Monday, June 7, 2010

Optimal treatment for CML (Chronic Myeloid Leukemia)

What's the optimal treatment for CML (Chronic Myeloid Leukemia)?  In the New England Journal of Medicine (NEJM), there were a few interesting articles this week that caught my attention:
  • Dasatinib versus Imatinib in Newly Diagnosed Chronic-Phase Chronic Myeloid Leukemia
  • Nilotinib versus Imatinib for Newly Diagnosed Chronic Myeloid Leukemia
Both of these studies were comparing imatinib (Gleevec) to newer drugs (dasatinib or Sprycel and nilotinib or Tasigna). In both cases, the newer agent appeared to result in better clinical responses (see conclusions below). If this is now the case, where does imatinib fall into treatment regimens for CML?  Who's going to want to receive Gleevec for their CML?
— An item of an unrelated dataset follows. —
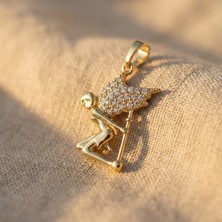 Zeino Melek Kolye Ucu - Zirkon - 14K Altın Kaplama - 22 mm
Conclusions: Dasatinib, administered once daily, as compared with imatinib, administered once daily, induced significantly higher and faster rates of complete cytogenetic response and major molecular response. Since achieving complete cytogenetic response within 12 months has been associated with better long-term, progression-free survival, dasatinib may improve the long-term outcomes among patients with newly diagnosed chronic-phase CML.

Conclusions: Nilotinib at a dose of either 300 mg or 400 mg twice daily was superior to imatinib in patients with newly diagnosed chronic-phase Philadelphia chromosome–positive CML.